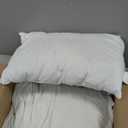 Digital Decor Premium Hotel Pillows, Made in USA Hypoallergenic DownFree Pillows with 100% Cotton Cover, Medium Firm Support for All Sleepers, Includes 2 Free Pillowcases, Set of 2, Standard 20"x26"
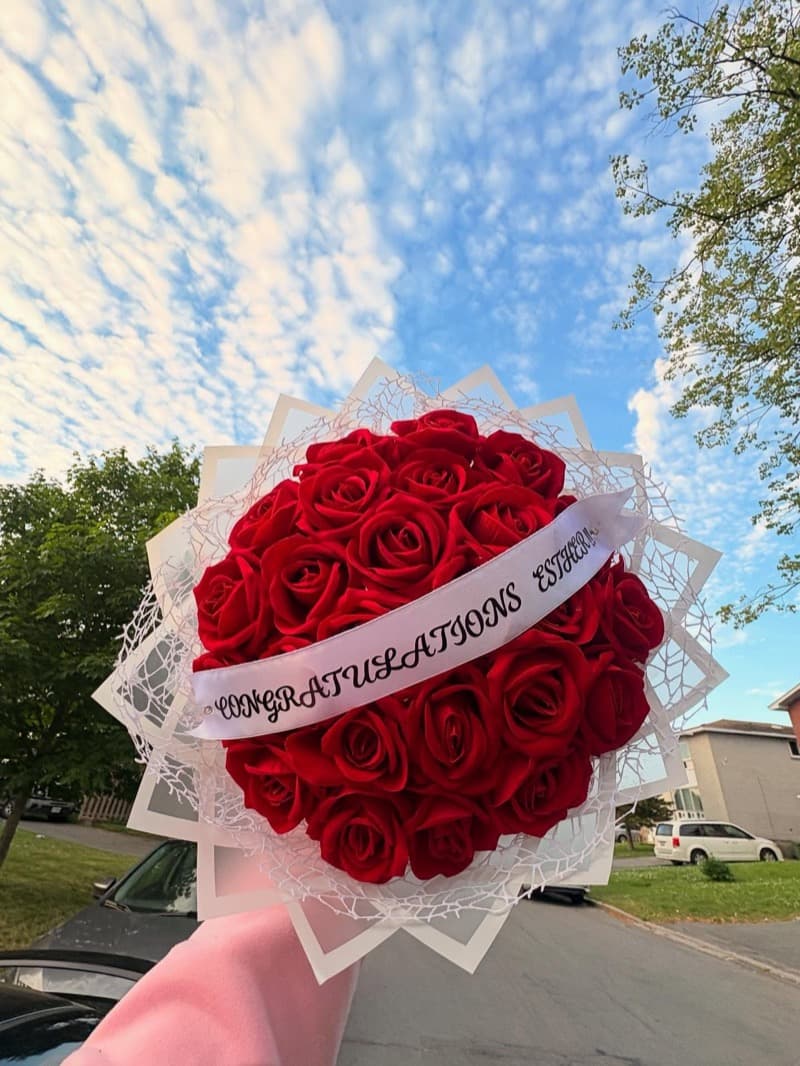 Lisa P.'s Graduation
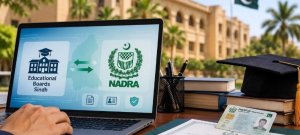 Sindh Links All Education Boards With NADRA in Digital Push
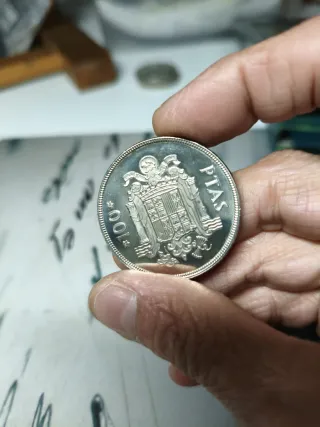 Moneda Española 1975 Rey Carlos I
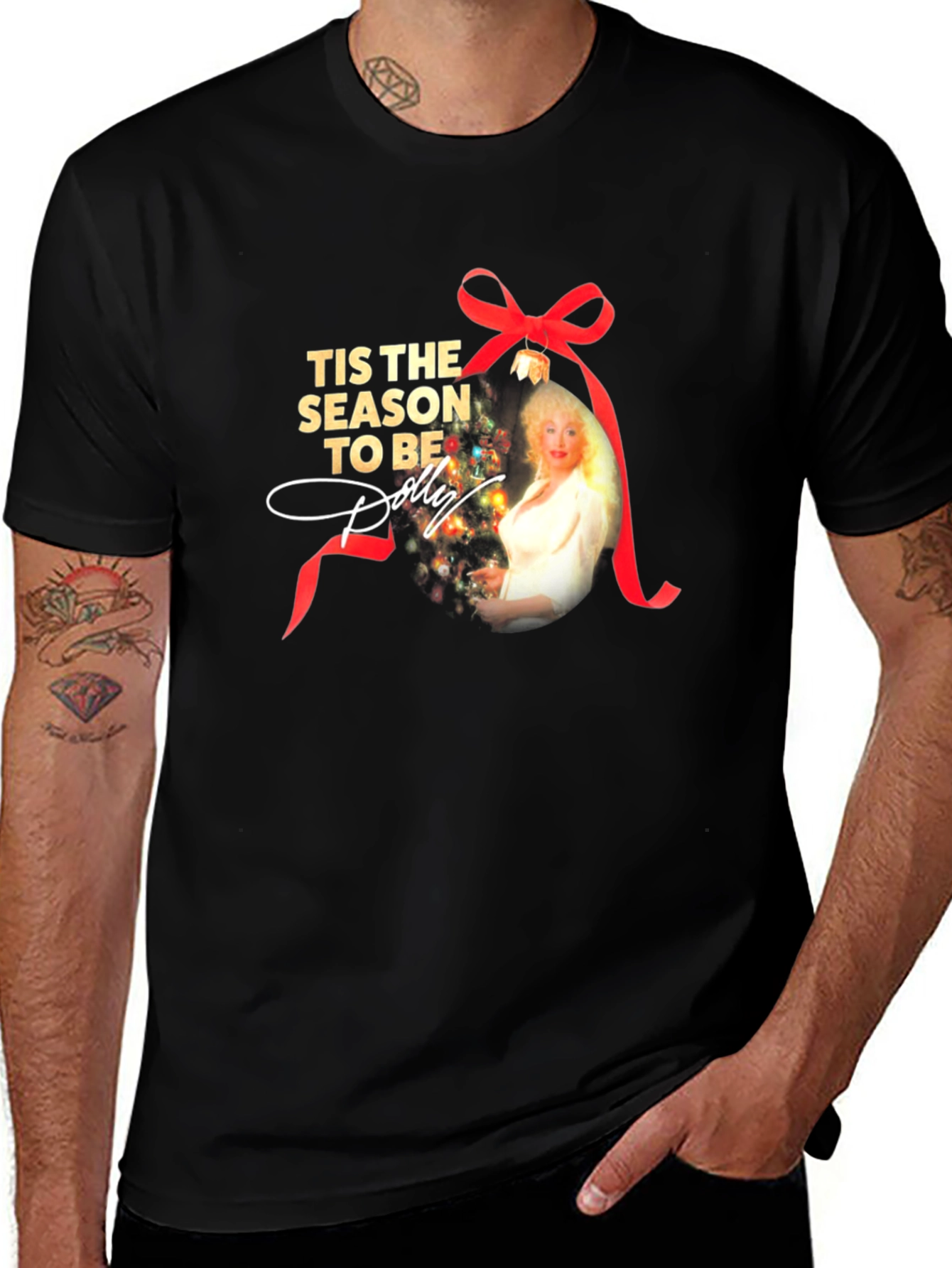 Tis the Season to Be Dolly T-Shirt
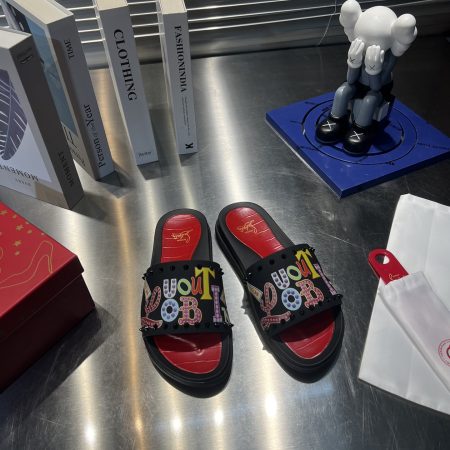 Christian Louboutin Slippers - Image 5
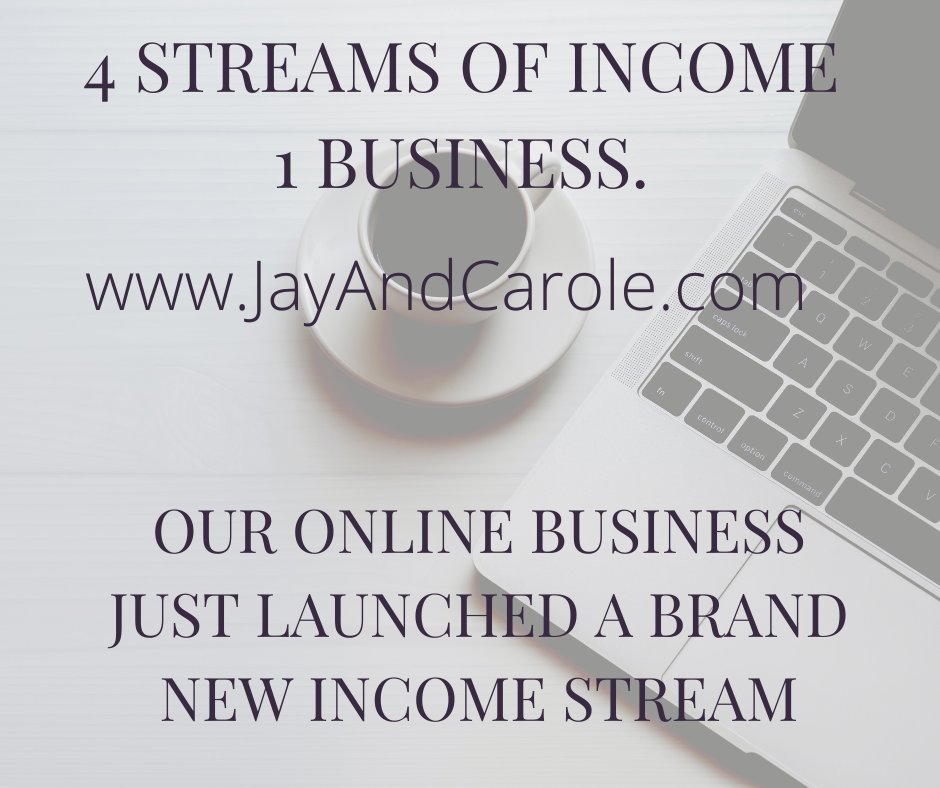 JayandCarole1's tweet photo. We just added another income stream to our online business, now working from home has never been easier.  Watch the free info session Tues &amp; Thurs!
.
#freelearning #online #myownbusiness https://t.co/QeJAo1p4AE
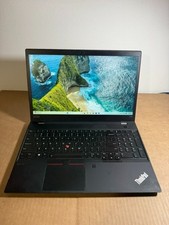 Lenovo ThinkPad P15s 256GB SSD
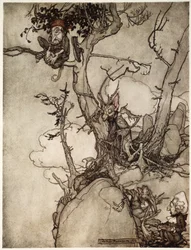 The Kaatsberg or Catskill mountains have always been a region full of fable, from Rip Van Winkle by Washington Irving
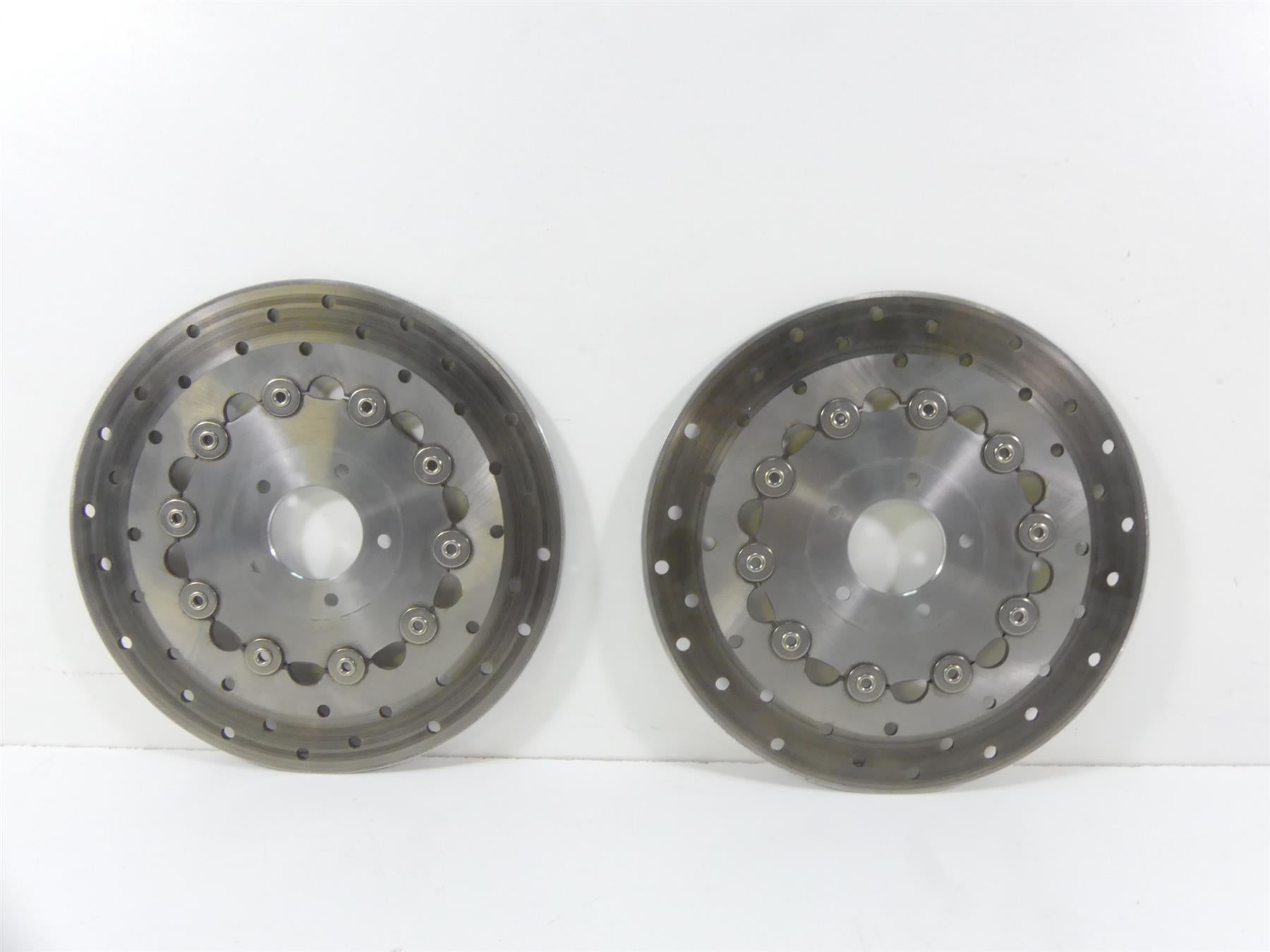 2009 Harley FXDF Dyna Fat Bob Front Sunstar Brake Disc Rotor Set 42040-06 {{ shop.shopifyCountryName }} - Mototech271
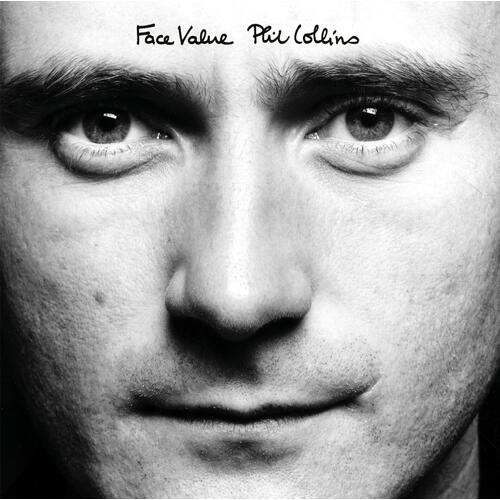 Phil Collins Face Value (CD) 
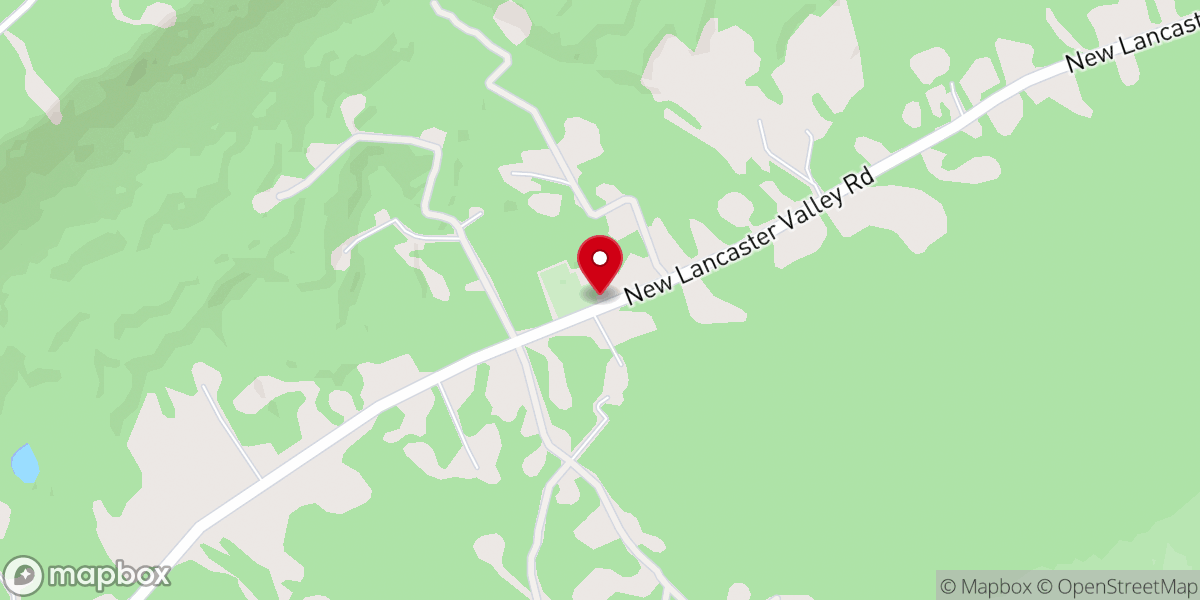 Map showing location of Salem United Methodist Church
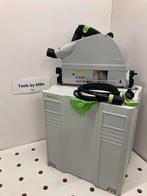 Festool ts75ebq invalzaag, Ophalen, Gebruikt, Invalzaag, 30 tot 70 mm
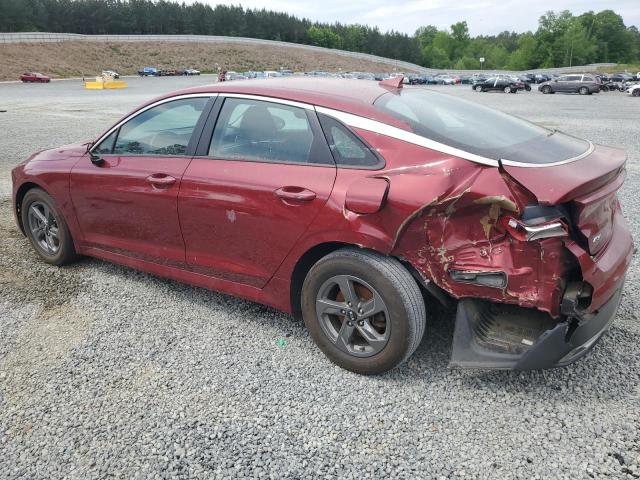  KIA K5 2021 Красный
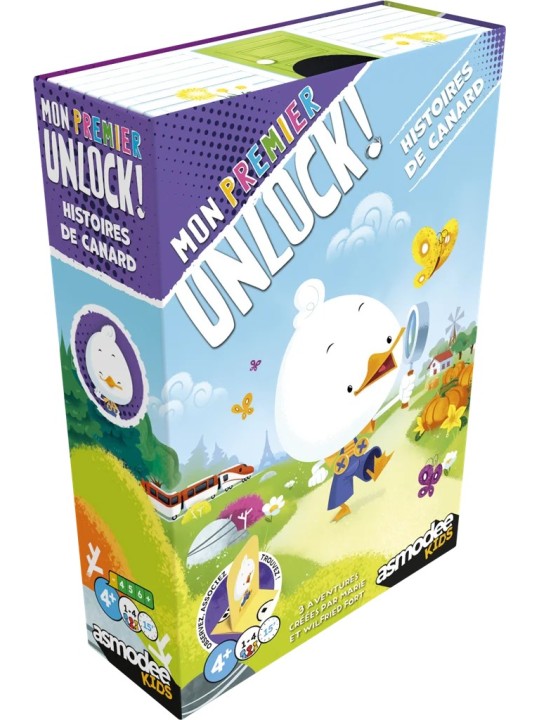 Mon premier Unlock ! - Histoires de canard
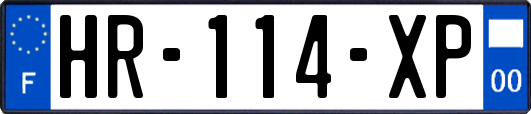 HR-114-XP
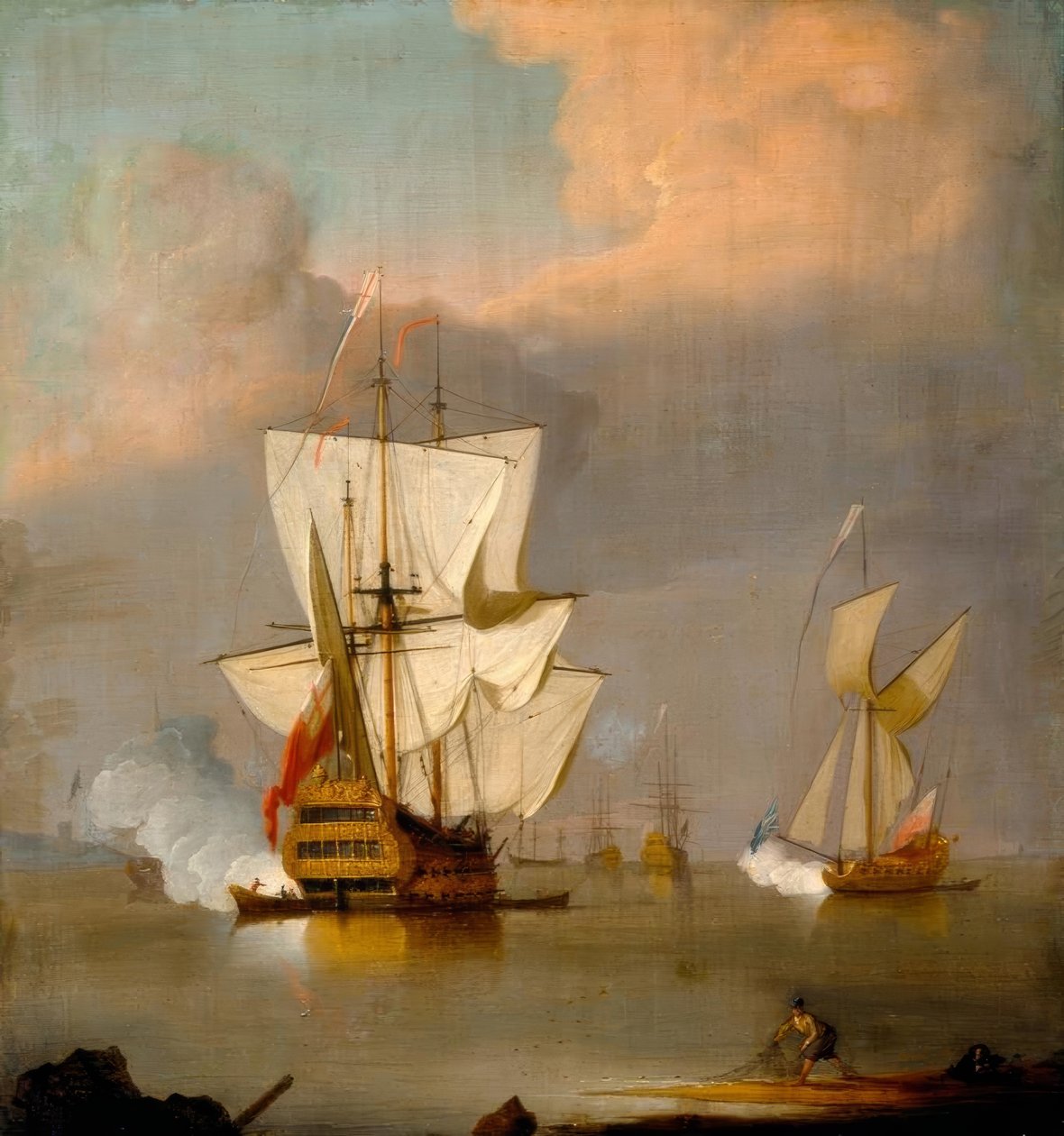 El cañón de la tarde de Francis Swaine
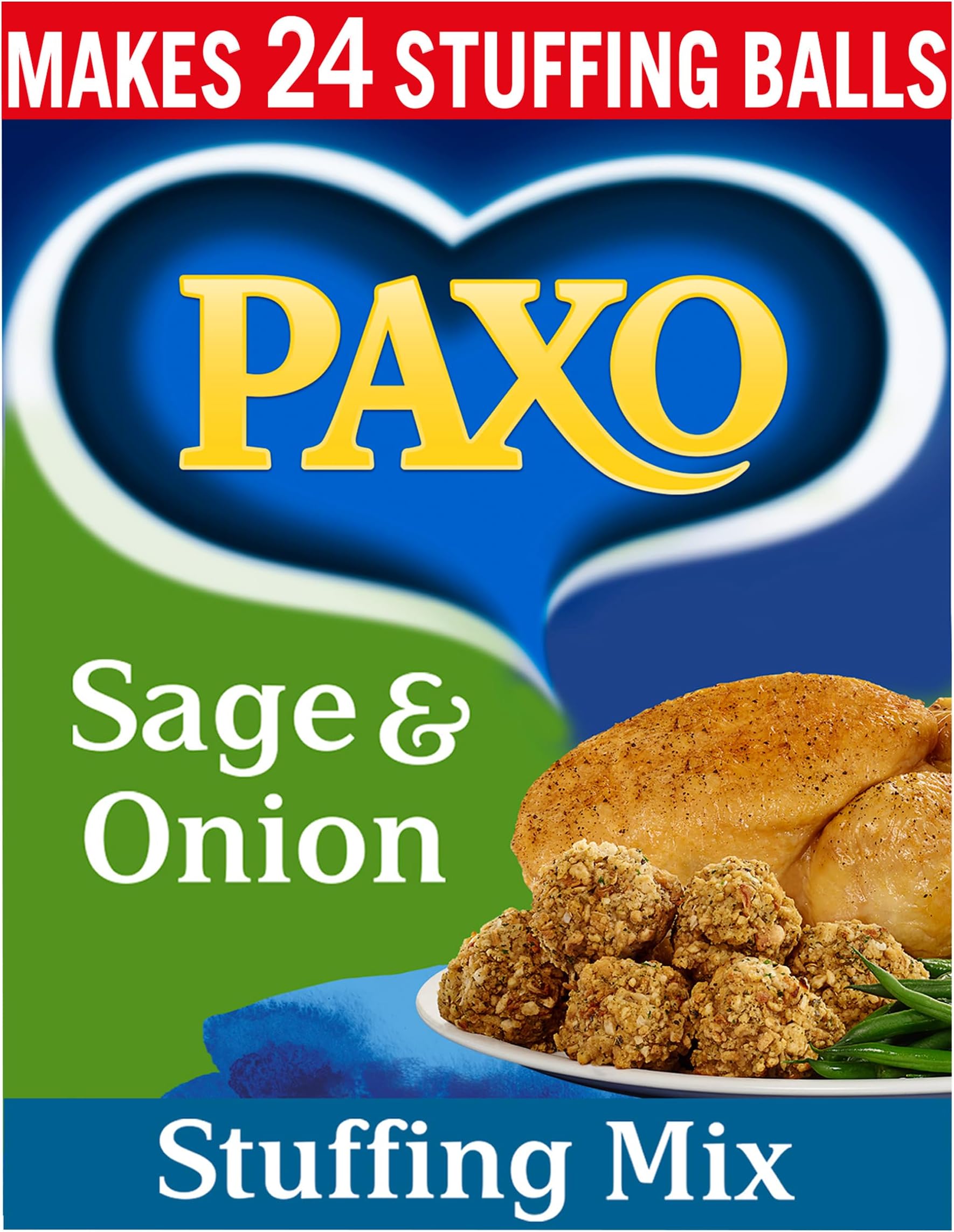 Sage & Onion Stuffing (340g) - Pack of 2 by Paxo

■ ■ ■ ■ ■

## BRIEF
Repeat every record above exactly, except the pictures.

## RESPONSE AREA
 Digital Decor Premium Hotel Pillows, Made in USA Hypoallergenic DownFree Pillows with 100% Cotton Cover, Medium Firm Support for All Sleepers, Includes 2 Free Pillowcases, Set of 2, Standard 20"x26"
 Lisa P.'s Graduation
 Sindh Links All Education Boards With NADRA in Digital Push
 Moneda Española 1975 Rey Carlos I
 Tis the Season to Be Dolly T-Shirt
 Christian Louboutin Slippers - Image 5
 JayandCarole1's tweet photo. We just added another income stream to our online business, now working from home has never been easier.  Watch the free info session Tues &amp; Thurs!
.
#freelearning #online #myownbusiness https://t.co/QeJAo1p4AE
 Lenovo ThinkPad P15s 256GB SSD
 The Kaatsberg or Catskill mountains have always been a region full of fable, from Rip Van Winkle by Washington Irving
 2009 Harley FXDF Dyna Fat Bob Front Sunstar Brake Disc Rotor Set 42040-06 {{ shop.shopifyCountryName }} - Mototech271
 Phil Collins Face Value (CD) 
 Map showing location of Salem United Methodist Church
 Festool ts75ebq invalzaag, Ophalen, Gebruikt, Invalzaag, 30 tot 70 mm
  KIA K5 2021 Красный
 Mon premier Unlock ! - Histoires de canard
 HR-114-XP
 El cañón de la tarde de Francis Swaine
 Sage & Onion Stuffing (340g) - Pack of 2 by Paxo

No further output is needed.